Segment Start: Data for this task
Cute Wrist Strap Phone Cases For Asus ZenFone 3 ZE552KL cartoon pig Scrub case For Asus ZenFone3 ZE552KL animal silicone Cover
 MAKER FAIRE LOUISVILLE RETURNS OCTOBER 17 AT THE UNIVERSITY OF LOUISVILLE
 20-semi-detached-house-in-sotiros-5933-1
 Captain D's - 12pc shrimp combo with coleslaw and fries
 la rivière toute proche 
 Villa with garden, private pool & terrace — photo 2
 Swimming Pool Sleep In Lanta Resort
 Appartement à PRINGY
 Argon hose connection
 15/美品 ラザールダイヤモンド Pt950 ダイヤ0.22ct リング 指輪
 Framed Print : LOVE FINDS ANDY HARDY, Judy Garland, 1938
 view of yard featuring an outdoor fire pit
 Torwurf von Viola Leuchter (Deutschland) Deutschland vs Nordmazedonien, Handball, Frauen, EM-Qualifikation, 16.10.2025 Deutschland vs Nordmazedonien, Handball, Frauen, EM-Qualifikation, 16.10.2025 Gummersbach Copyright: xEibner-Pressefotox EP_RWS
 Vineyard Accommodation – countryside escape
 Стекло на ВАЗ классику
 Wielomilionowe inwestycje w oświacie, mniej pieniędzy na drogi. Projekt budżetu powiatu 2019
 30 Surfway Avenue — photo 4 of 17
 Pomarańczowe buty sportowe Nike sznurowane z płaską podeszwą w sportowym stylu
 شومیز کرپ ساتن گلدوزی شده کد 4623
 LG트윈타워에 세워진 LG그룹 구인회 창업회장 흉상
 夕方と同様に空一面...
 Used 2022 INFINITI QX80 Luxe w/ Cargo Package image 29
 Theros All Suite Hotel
Segment End: Data for this task
> Task brief:
Take the lines from the one containing "夕方と同様に空一面..." through the final line of the entries above, and set them down exactly, with nothing added.

> Result for this task:
 夕方と同様に空一面...
 Used 2022 INFINITI QX80 Luxe w/ Cargo Package image 29
 Theros All Suite Hotel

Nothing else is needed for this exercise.